WORK ITEM
Because the listing below is to be kept intact, restate all of it word for word.
** GIVEN INFORMATION follows **
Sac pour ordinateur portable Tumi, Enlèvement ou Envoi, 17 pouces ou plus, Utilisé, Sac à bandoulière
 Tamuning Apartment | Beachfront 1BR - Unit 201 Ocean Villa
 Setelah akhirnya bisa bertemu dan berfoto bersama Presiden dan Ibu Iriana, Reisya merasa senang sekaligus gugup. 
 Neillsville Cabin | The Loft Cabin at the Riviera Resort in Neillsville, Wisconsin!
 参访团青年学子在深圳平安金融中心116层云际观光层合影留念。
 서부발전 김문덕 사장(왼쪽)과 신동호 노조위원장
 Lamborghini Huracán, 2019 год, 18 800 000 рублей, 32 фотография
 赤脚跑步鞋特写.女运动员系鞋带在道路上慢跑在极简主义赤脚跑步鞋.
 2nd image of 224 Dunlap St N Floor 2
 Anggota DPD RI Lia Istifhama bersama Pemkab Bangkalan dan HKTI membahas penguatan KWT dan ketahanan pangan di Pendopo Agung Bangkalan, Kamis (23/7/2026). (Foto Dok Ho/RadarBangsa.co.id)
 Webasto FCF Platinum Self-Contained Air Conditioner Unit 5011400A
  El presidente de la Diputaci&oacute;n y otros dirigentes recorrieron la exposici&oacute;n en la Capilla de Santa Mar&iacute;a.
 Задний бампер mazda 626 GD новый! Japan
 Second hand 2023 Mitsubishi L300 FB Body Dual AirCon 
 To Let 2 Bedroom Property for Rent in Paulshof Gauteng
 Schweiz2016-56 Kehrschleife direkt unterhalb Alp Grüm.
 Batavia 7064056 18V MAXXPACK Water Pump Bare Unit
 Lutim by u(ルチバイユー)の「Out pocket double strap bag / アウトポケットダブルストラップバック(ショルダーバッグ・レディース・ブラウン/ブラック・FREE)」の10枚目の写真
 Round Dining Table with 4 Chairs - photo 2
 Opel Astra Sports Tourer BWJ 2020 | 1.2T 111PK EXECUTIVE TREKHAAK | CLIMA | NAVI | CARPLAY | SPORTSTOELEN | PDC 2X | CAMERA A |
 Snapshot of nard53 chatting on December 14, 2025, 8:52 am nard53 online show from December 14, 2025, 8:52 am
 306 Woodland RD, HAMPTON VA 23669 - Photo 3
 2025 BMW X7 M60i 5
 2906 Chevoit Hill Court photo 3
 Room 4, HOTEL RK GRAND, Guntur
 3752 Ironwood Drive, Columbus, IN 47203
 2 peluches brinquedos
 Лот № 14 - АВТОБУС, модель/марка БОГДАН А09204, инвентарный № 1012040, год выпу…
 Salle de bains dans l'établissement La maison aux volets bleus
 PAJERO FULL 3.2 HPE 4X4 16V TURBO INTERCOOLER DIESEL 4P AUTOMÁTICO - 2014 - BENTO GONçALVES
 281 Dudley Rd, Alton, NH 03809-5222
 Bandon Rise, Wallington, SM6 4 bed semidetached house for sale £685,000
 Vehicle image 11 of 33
** End of GIVEN INFORMATION **
ANSWER SPACE
Sac pour ordinateur portable Tumi, Enlèvement ou Envoi, 17 pouces ou plus, Utilisé, Sac à bandoulière
 Tamuning Apartment | Beachfront 1BR - Unit 201 Ocean Villa
 Setelah akhirnya bisa bertemu dan berfoto bersama Presiden dan Ibu Iriana, Reisya merasa senang sekaligus gugup. 
 Neillsville Cabin | The Loft Cabin at the Riviera Resort in Neillsville, Wisconsin!
 参访团青年学子在深圳平安金融中心116层云际观光层合影留念。
 서부발전 김문덕 사장(왼쪽)과 신동호 노조위원장
 Lamborghini Huracán, 2019 год, 18 800 000 рублей, 32 фотография
 赤脚跑步鞋特写.女运动员系鞋带在道路上慢跑在极简主义赤脚跑步鞋.
 2nd image of 224 Dunlap St N Floor 2
 Anggota DPD RI Lia Istifhama bersama Pemkab Bangkalan dan HKTI membahas penguatan KWT dan ketahanan pangan di Pendopo Agung Bangkalan, Kamis (23/7/2026). (Foto Dok Ho/RadarBangsa.co.id)
 Webasto FCF Platinum Self-Contained Air Conditioner Unit 5011400A
  El presidente de la Diputaci&oacute;n y otros dirigentes recorrieron la exposici&oacute;n en la Capilla de Santa Mar&iacute;a.
 Задний бампер mazda 626 GD новый! Japan
 Second hand 2023 Mitsubishi L300 FB Body Dual AirCon 
 To Let 2 Bedroom Property for Rent in Paulshof Gauteng
 Schweiz2016-56 Kehrschleife direkt unterhalb Alp Grüm.
 Batavia 7064056 18V MAXXPACK Water Pump Bare Unit
 Lutim by u(ルチバイユー)の「Out pocket double strap bag / アウトポケットダブルストラップバック(ショルダーバッグ・レディース・ブラウン/ブラック・FREE)」の10枚目の写真
 Round Dining Table with 4 Chairs - photo 2
 Opel Astra Sports Tourer BWJ 2020 | 1.2T 111PK EXECUTIVE TREKHAAK | CLIMA | NAVI | CARPLAY | SPORTSTOELEN | PDC 2X | CAMERA A |
 Snapshot of nard53 chatting on December 14, 2025, 8:52 am nard53 online show from December 14, 2025, 8:52 am
 306 Woodland RD, HAMPTON VA 23669 - Photo 3
 2025 BMW X7 M60i 5
 2906 Chevoit Hill Court photo 3
 Room 4, HOTEL RK GRAND, Guntur
 3752 Ironwood Drive, Columbus, IN 47203
 2 peluches brinquedos
 Лот № 14 - АВТОБУС, модель/марка БОГДАН А09204, инвентарный № 1012040, год выпу…
 Salle de bains dans l'établissement La maison aux volets bleus
 PAJERO FULL 3.2 HPE 4X4 16V TURBO INTERCOOLER DIESEL 4P AUTOMÁTICO - 2014 - BENTO GONçALVES
 281 Dudley Rd, Alton, NH 03809-5222
 Bandon Rise, Wallington, SM6 4 bed semidetached house for sale £685,000
 Vehicle image 11 of 33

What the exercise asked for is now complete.